Prostatakrebs: Neue S3-Leitlinie setzt auf Labormedizin, MRT-Diagnostik und aktive Überwachung
Die überarbeitete S3-Leitlinie zum Prostatakarzinom, herausgegeben vom Leitlinienprogramm Onkologie und finanziert von der Deutschen Krebshilfe, bringt wegweisende Änderungen für Früherkennung, Diagnostik und Therapie. Mit etwa 74.900 Neuerkrankungen im Jahr 2022 ist Prostatakrebs die häufigste Krebserkrankung bei Männern in Deutschland, die vor allem im höheren Alter auftritt. Die neuen Empfehlungen setzen auf eine risikoadaptierte Früherkennung, eine stärkere Rolle der MRT und die Vermeidung von Überbehandlungen bei Niedrigrisiko-Tumoren. Besonders auffällig: Die Tastuntersuchung (digitale-rektale Untersuchung, DRU) wird für die Früherkennung nicht mehr empfohlen.
Die Früherkennung erfährt eine grundlegende Neuausrichtung. Statt der bisher von Krankenkassen ab 45 Jahren übernommenen jährlichen DRU empfiehlt die Leitlinie ein PSA-basiertes Screening, bei dem der Prostata-spezifische Antigen (PSA)-Wert im Blut bestimmt wird. „Studien zeigen, dass die Tastuntersuchung dem PSA-Test deutlich unterlegen ist. Sie führt sowohl zu zu vielen falsch-negativen als auch zu vielen falsch positiven Befunden, deren weitere Abklärung mit Risiken verbunden ist“, erklärt Professor Marc-Oliver Grimm, Koordinator der Leitliniengruppe vom Universitätsklinikum Jena. Nach ärztlicher Beratung sollen Männer ab 45 Jahren ein PSA-Screening angeboten bekommen. Liegt der PSA-Wert sehr niedrig, ist die nächste Kontrolle erst nach fünf Jahren nötig, ansonsten alle zwei Jahre. Ab einem bestätigten Wert über 3 ng/ml folgt eine weitere Abklärung, bei der die DRU ergänzend zur individuellen Risikoabschätzung eingesetzt werden kann. „Die neue PSA-basierte Strategie ist ein Beispiel für evidenzbasierte, risikoadaptierte Früherkennung“, betont Grimm, der hofft, dass der Gemeinsame Bundesausschuss die gesetzliche Krebsfrüherkennung entsprechend anpasst.

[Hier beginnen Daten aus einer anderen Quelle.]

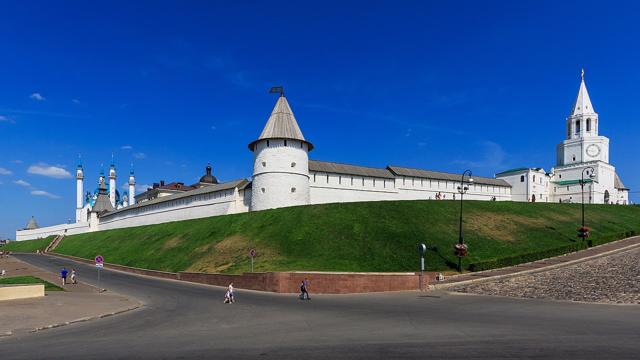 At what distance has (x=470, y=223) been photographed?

In der Diagnostik gewinnt die Magnetresonanztomographie (MRT) der Prostata an Bedeutung. Sie wird nun klar nach Risiko und diagnostischer Konsequenz eingesetzt. Eine zentrale Neuerung: Bei unauffälligen MRT-Befunden (PI-RADS 1 und 2), die ein sehr geringes Krebsrisiko anzeigen, soll auf eine Biopsie verzichtet werden, um unnötige Eingriffe zu vermeiden. Die Leitlinie enthält zudem aktualisierte Empfehlungen zu bildgestützten Biopsien, humangenetischer Beratung bei familiärer Belastung und moderner Bildgebung wie PSMA-PET/CT für die Stadieneinteilung.

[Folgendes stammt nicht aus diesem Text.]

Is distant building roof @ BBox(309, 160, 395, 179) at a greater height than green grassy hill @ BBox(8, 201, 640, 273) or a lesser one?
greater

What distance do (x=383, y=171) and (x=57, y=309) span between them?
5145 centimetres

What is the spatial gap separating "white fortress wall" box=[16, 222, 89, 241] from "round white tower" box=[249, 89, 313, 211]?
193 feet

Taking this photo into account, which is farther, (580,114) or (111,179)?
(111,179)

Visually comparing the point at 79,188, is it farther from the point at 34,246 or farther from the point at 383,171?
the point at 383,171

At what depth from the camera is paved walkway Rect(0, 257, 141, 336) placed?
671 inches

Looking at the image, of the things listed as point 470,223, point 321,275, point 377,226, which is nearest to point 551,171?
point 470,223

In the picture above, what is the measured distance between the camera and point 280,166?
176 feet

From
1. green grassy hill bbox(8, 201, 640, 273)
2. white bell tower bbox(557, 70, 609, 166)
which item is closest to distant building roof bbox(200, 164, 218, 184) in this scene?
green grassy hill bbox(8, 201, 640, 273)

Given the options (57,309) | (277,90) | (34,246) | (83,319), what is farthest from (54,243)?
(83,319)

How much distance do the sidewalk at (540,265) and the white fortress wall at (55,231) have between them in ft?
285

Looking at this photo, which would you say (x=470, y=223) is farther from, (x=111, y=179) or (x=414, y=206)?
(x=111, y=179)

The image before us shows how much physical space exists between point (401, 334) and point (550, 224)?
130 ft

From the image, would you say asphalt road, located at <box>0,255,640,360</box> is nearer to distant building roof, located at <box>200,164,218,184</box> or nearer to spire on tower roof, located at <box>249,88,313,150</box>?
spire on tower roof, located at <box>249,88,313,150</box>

Therapeutisch setzt die Leitlinie neue Maßstäbe, insbesondere bei Niedrigrisiko-Tumoren. Hier wird ausschließlich die aktive Überwachung empfohlen, statt wie früher Operation oder Bestrahlung. Auch bei günstigen intermediären Tumoren gewinnt diese Strategie an Relevanz. „Therapien des Prostatakarzinoms sind oft mit Nebenwirkungen und Einschränkungen der Lebensqualität verbunden“, erläutert Grimm. „Mit der aktiven Überwachung vermeiden wir Überbehandlungen und behalten gleichzeitig den Patienten im Blick, um Handeln zu können, sobald es nötig ist.“ Für metastasierte Tumoren wurden neue Therapieoptionen in die Leitlinie aufgenommen.
Die überarbeitete Leitlinie markiert einen Paradigmenwechsel hin zu einer präziseren, patientenorientierten Versorgung. Sie verspricht, die Diagnostik zu verbessern, unnötige Eingriffe zu reduzieren und die Lebensqualität der Betroffenen zu schützen, während sie gleichzeitig die Grundlage für zukünftige Anpassungen der gesetzlichen Früherkennung legt.